Due to the increased expression of both TR isoforms found on G19 we explored the influence of thyroid status on their expression at luteal level on this day. To further corroborate the specificity of the signals, we used specific antibodies for TRβ1 (J-52) and TRα1 (PAI-211) that confirmed the results shown in Figure 3 and demonstrated that CL express TRβ1 and TRα1 (Fig. 4). To determine if thyroid status can modulate the expression of TRs at luteal level, as has been shown for other rat tissues such as myocardium and epididymis (22,32), we determined the expression of TRβ1 and TRα1 at the protein and mRNA level at G19 in control, hypothyroid and hyperthyroid rats. Our results show that thyroid status does not affect the expression of luteal TR at this stage of pregnancy since the expression of TRβ1 and TRα1 at the protein (Fig. 4) and mRNA level (Supplementary Fig. S1) remained unchanged. Hyperthyroid and hypothyroid status were confirmed measuring circulating T₄ and TSH. Hyperthyroid rats had significantly increased T₄ and decreased TSH, while hypothyroid rats had decreased T₄ and increased TSH serum concentrations compared to the control group (Supplementary Fig. S2).

FIG. 4.

Luteal TR protein expression at the end of pregnancy in euthyroid, hypothyroid, and hyperthyroid rats. (A) Western blot of TRα1 and TRβ1 proteins on whole luteal protein extracts, immunoblotted against TRα1 and TRβ1 (48 and 55 kDa, respectively) and β-tubulin (55 kDa) antisera. Results are expressed as the mean±SEM of groups of three rats using one-way ANOVA and Bonferroni posttest to compare between groups. (B) Chemiluminiscence image of a representative blot using Image Lab 4.0 software (Bio-Rad Laboratories). HypoT, hypothyroid; hyperT, hyperthyroid.

Immunolocalization of TRs in CL of gestation in hypothyroid, hyperthyroid, and control rats

In order to confirm the presence of the receptor and to evaluate its cellular localization we determined the presence of TRα1 in the CL of gestation by IHC (Fig. 5). The immunostaining signal observed was moderate in CL and intense in granulosa cells of follicles within the ovary. The immunolocalization was predominantly nuclear as expected. When comparing the presence and localization of the mentioned isoform in CL of gestation in hypothyroid, hyperthyroid and control rats, we did not observe any significant difference due to thyroid status. Although we performed the experiments evaluating the immunolocalization of TRα1 and α2, the antibodies tested did not give a reliable signal and were not considered for this study.

FIG. 5.

Ovarian localization of TRβ1 on day 19 of gestation in euthyroid, hypothyroid, and hyperthyroid rats. Immunostaining of a transversal section of the CL at 60× magnification in (A) control, (B) hypothyroid, and (C) hyperthyroid rats, respectively, arrows indicate the presence of nuclear staining in the CL of gestation. Transversal section of the ovary at 10× magnification in (D) treated with primary antisera and (E) negative control slide. (F) Negative control of CL without primary antisera at 60× magnification. CL, corpus luteum; F, follicle.

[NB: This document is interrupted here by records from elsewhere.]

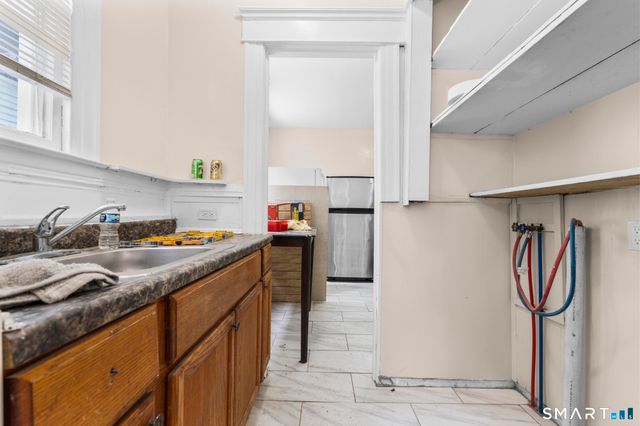 126 Sheffield Avenue, New Haven, CT 06511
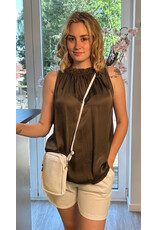 Brussel Short wit met bijpassende riem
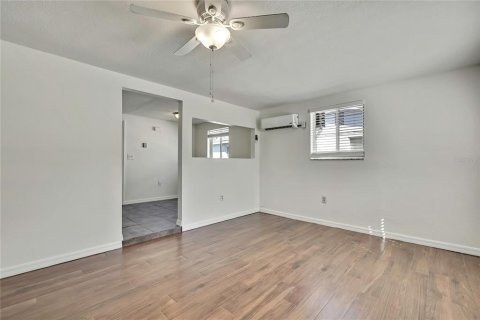 Duplex à vendre à Hudson, Floride: 4 chambres, 153.85 m2 № 2094008 - photo 29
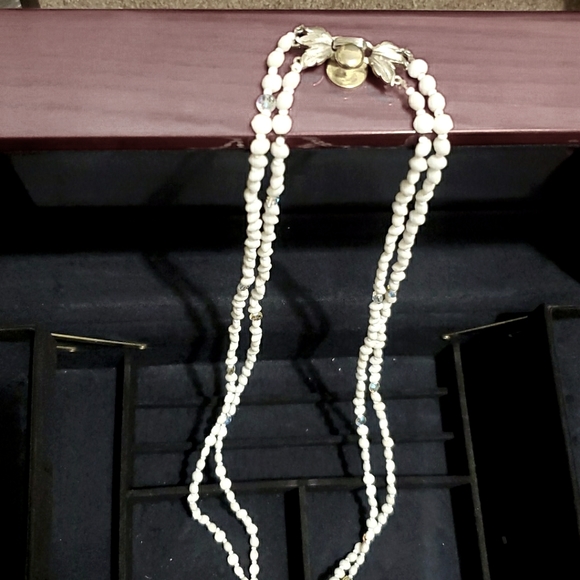 Vintage Trifari beaded necklace - Picture 2 of 4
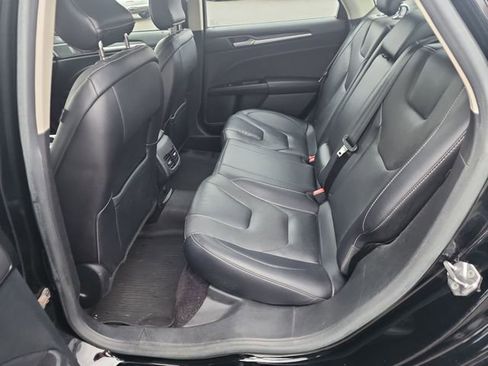 Used 2017 Ford Fusion Titanium image 21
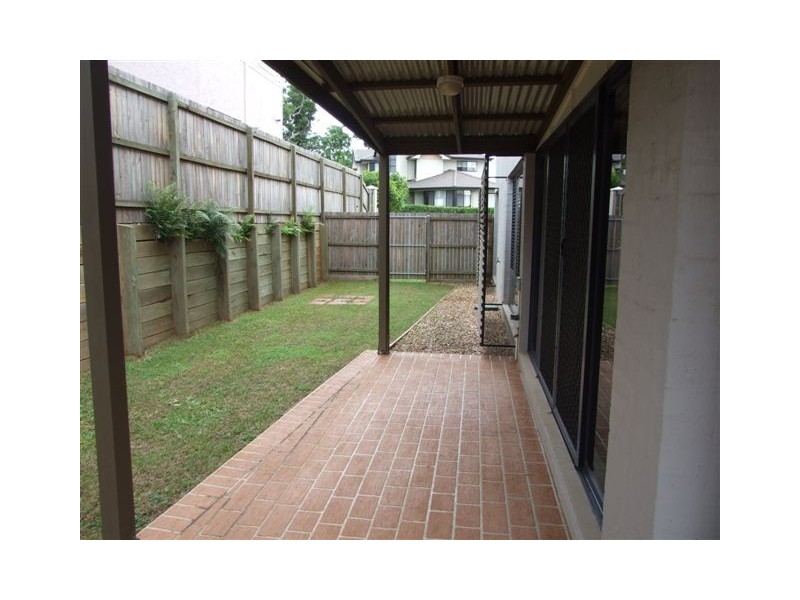 16 WHATMORE PLACE, Manly West QLD 4179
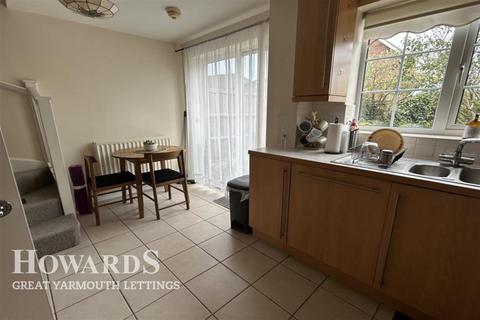 2 bedroom semi-detached house to rent, Paget Estate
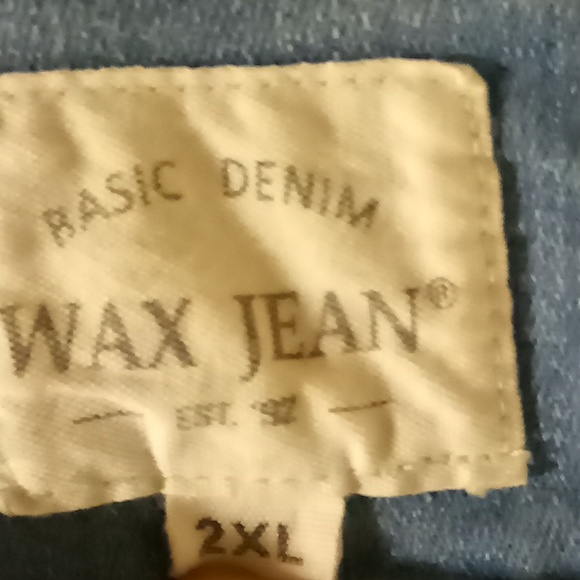 Basic Denim Wax Jean Shorts - Picture 8 of 10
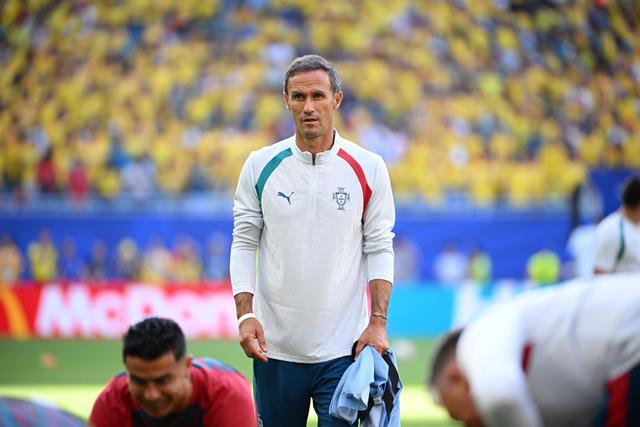 Mundial: Seleção de luto com notícia da morte do pai de Ricardo Carvalho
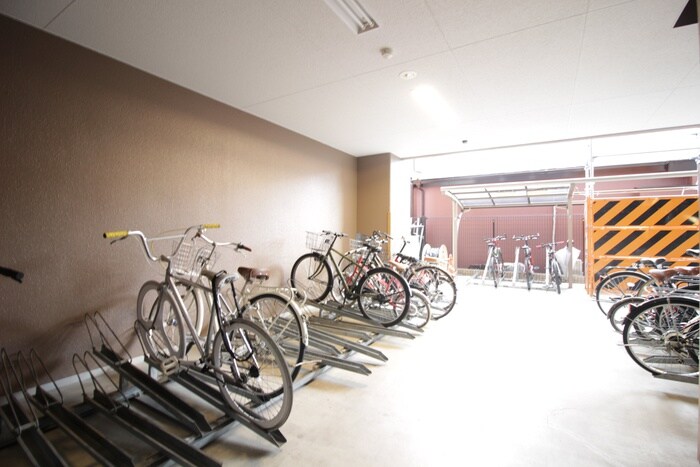 物件外観写真6　(駐輪場)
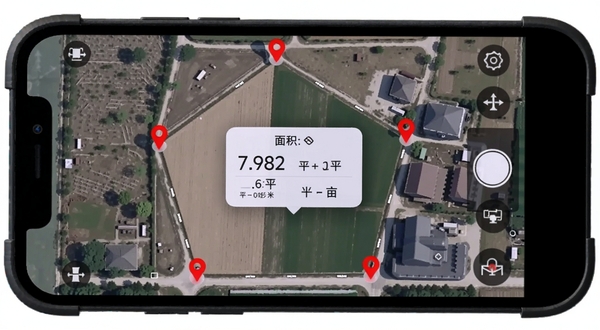 测面积测距仪准多边形测量示意,手机屏幕上显示一个不规则五边形的航拍农田地图,各个顶点有红色定位标记,中心弹出面积结果面板,显示平方米和亩,专业,高分辨率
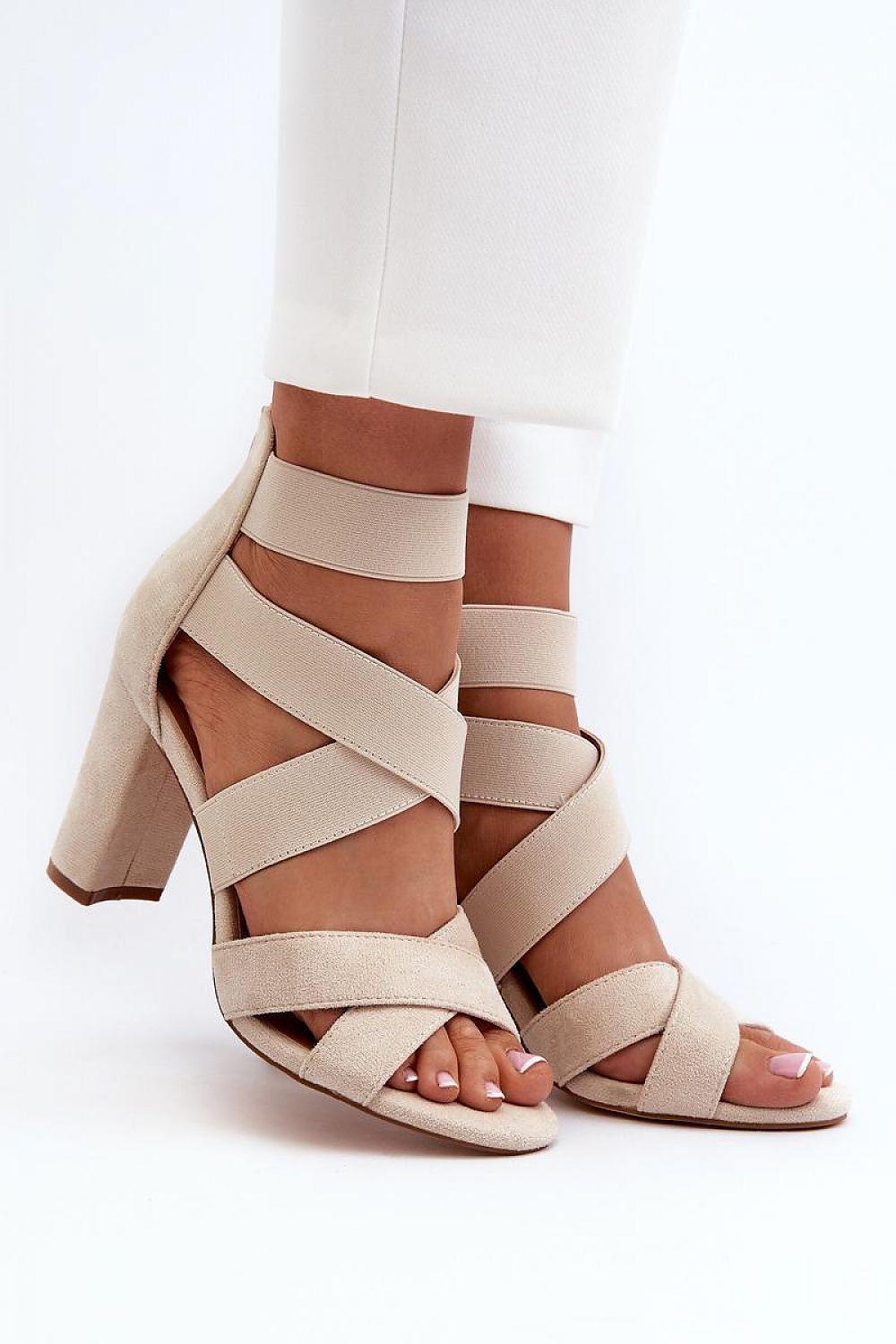 Heel sandals Step in style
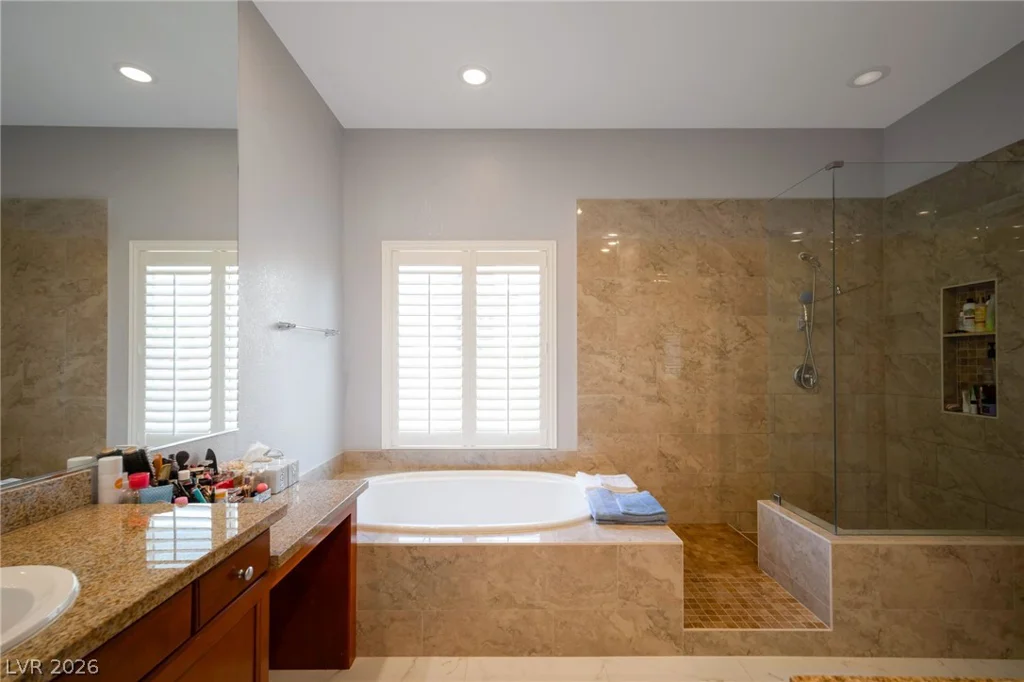 7856 Via Mazarron, Las Vegas, NV 89123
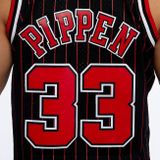 Mitchell &amp; Ness Chicago Bulls #33 Scottie Pippen black / red Swingman Jersey 
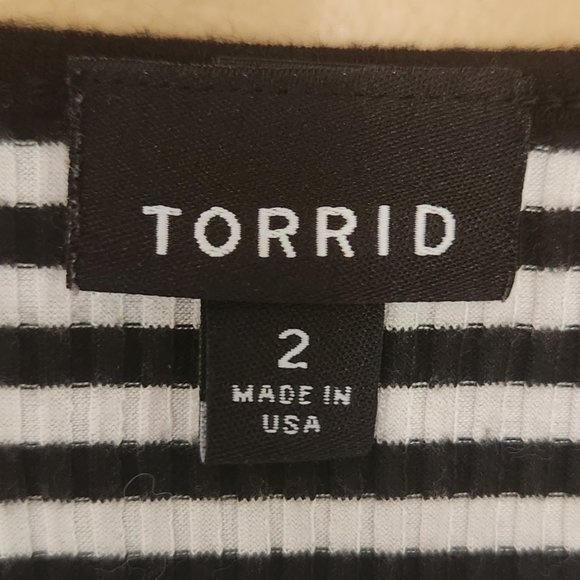 Torrid Soft Striped Short Sleeve Tee Size 2 - Picture 4 of 4
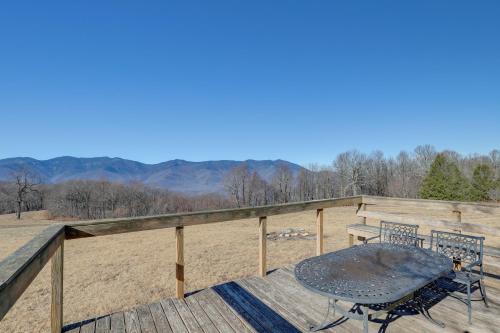 Burnsville Cabin with Deck and Trails - Dog Friendly! in Busick, USA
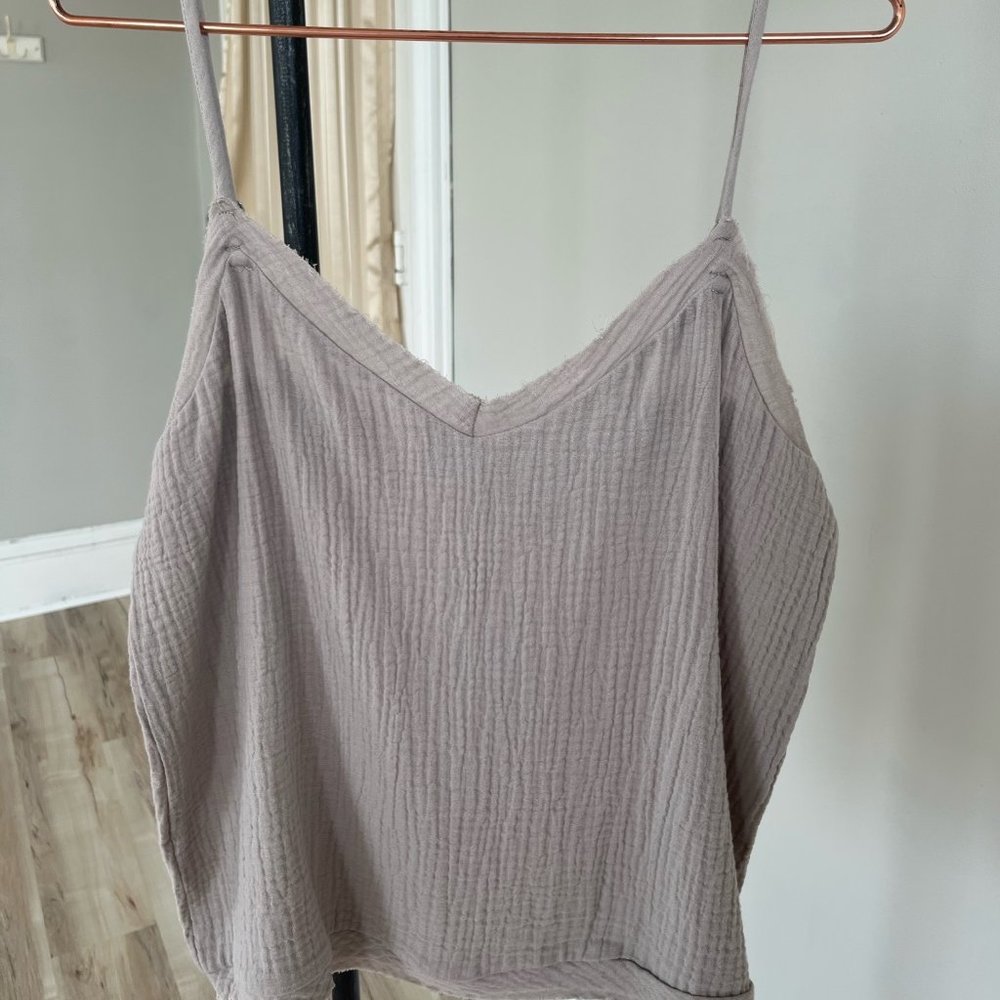 Light Trendy Tank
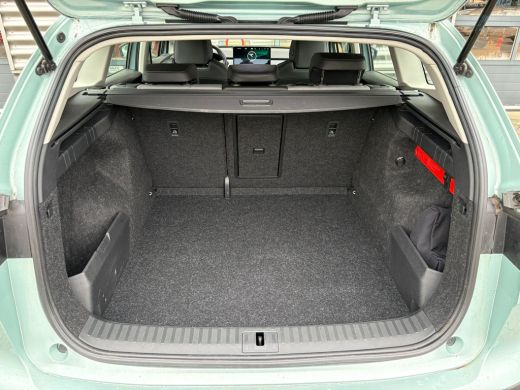 Skoda Enyaq iV 60 180 pk | Achteruitrijcamera | Cruise control | Navigatie | ActivLease financial lease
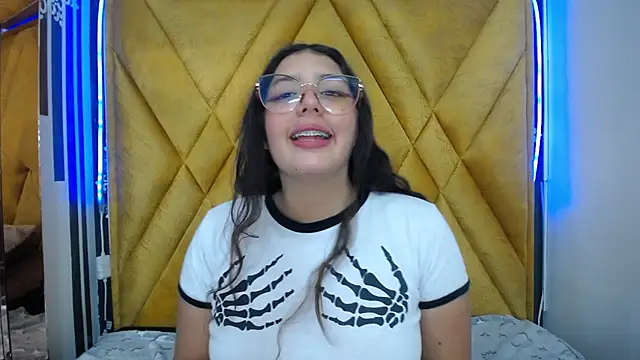 Snapshot of Paola_Lyon_ chatting on February 7, 9:04 pm Paola Lyon online show from February 7, 9:04 pm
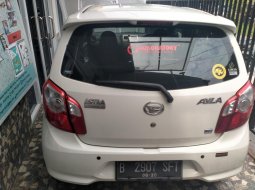 Dijual Mobil Bekas Daihatsu Ayla X 2015 di Bogor 5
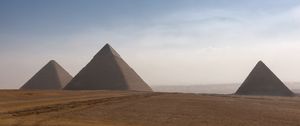 Preview wallpaper pyramids, desert, sand, footprints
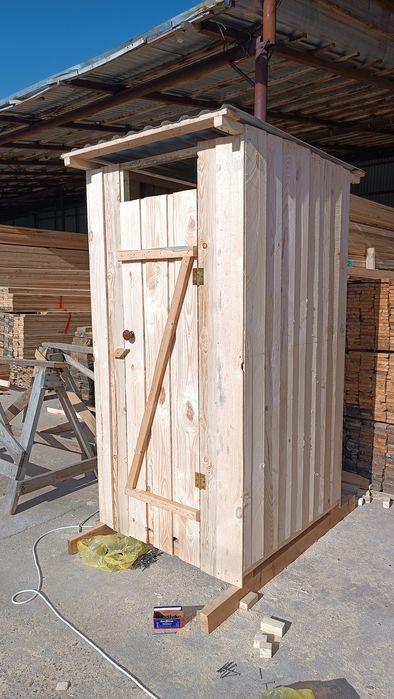 Уличный туалет готовый вариант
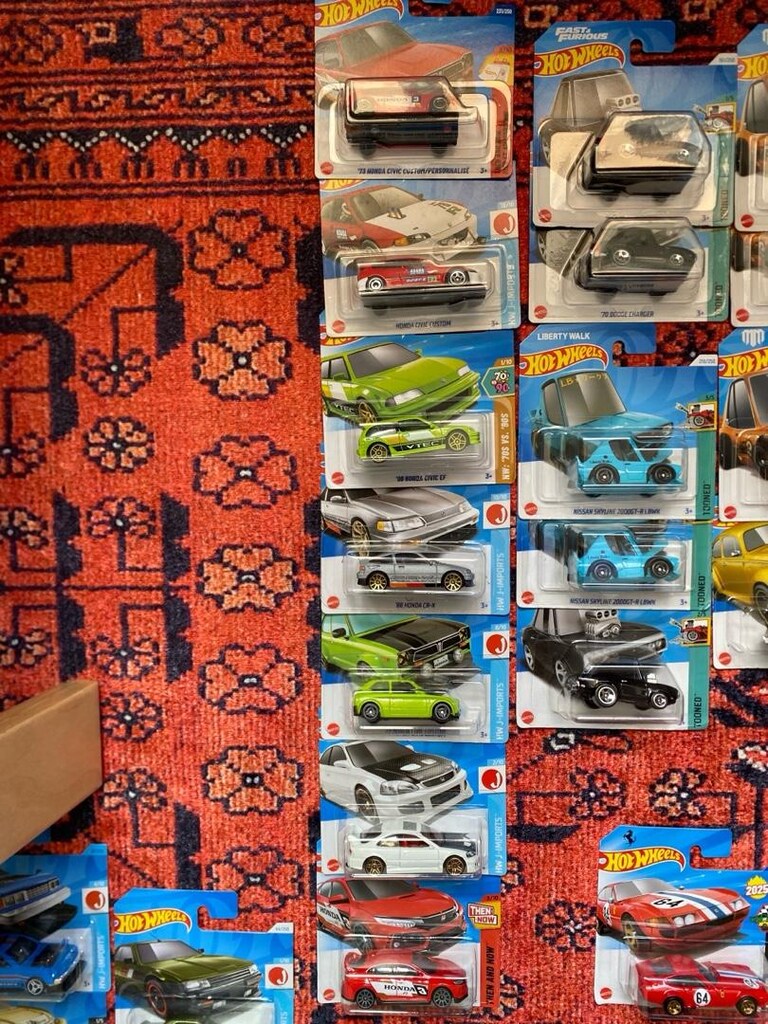 HOTWHEELS - 6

Progesterone synthesis stimulation in vitro

As a first step to understand the action of T₃ on CL function during pregnancy, we studied whether they are able to stimulate P₄ output in vitro using two different approaches. First, we assessed the capacity of the CL of pregnancy to produce P₄ in a primary culture in the presence of T₃, using as substrate pregnenolone (P5) and comparing the capacity of normal CL and those from hypothyroid rats (Fig. 6). The experiment shows that T₃ alone did not modify the output of P₄ by the CL of pregnancy. Although, the percentage of P₄ output was always higher in the hypothyroid CL of pregnancy, the difference never achieved significance. Since CL of pregnancy cultures are difficult to maintain for long periods of time, we decided to attempt a second approach. We evaluated the action of T₃ on P₄ output using luteinized granulosa cell culture; these cells are more resistant in culture and therefore we could test their basal and stimulated capacity to synthesize P₄ for 48 hours, using different hormones that are established P₄ synthesis stimulators like PRL, LH and PGE₂. The analysis of P₄ in the culture media showed that PGE₂ and LH significantly increased the synthesis of P₄ compared to basal condition and under the stimulation with PRL. Although PRL stimulated P₄ synthesis, it did not achieve a significant difference compared to the controls. Using this model, we did not observe any significant effect of T₃ addition on basal nor stimulated P₄ synthesis (Fig. 6).

FIG. 6.

In vitro effect of T₃ on luteal P₄ synthesis. (A) Production of P₄ by primary culture of CL on day 19 of gestation. Values represent the percentage as mean±SEM of P₄ secreted to the media after 6 hours of T₃ treatment with respect to 0 hours using pregnenolone (100 nM) as precursor. Each point was performed in duplicates and the experiment was repeated three times. (B) Concentration of P₄ secreted to the culture media by granulosa luteal cells after 48 hours of T₃ treatment (100 nM) using PRL (1 μg/mL), PGE₂ (1 μM), and LH (100 ng/mL) as stimulators. Values are mean±SEM, each point was performed in triplicate and the experiment was repeated twice. Statistical significance (p<0.05) is indicated: ^avs. control groups in the presence or absence of T_3; ^bwith respect to the groups stimulated with PRL in the presence or absence of T₃ using one-way ANOVA and Bonferroni posttest to compare between groups. PRL, prolactin; PGE₂, prostaglandin E₂; LH, luteinizing hormone.

Discussion

Experimental findings indicate that adequate circulating TH levels are needed to support CL formation and pregnancy (5,6,11). Previous studies from our laboratory demonstrate that hypothyroidism impairs CL function during gestation, delaying the onset of parturition in the rat (12,13). On the contrary, hyperthyroidism advances P₄ withdrawal and the onset of parturition (14,15) suggesting that TH participates in the maintenance and function of CL of gestation in the rat.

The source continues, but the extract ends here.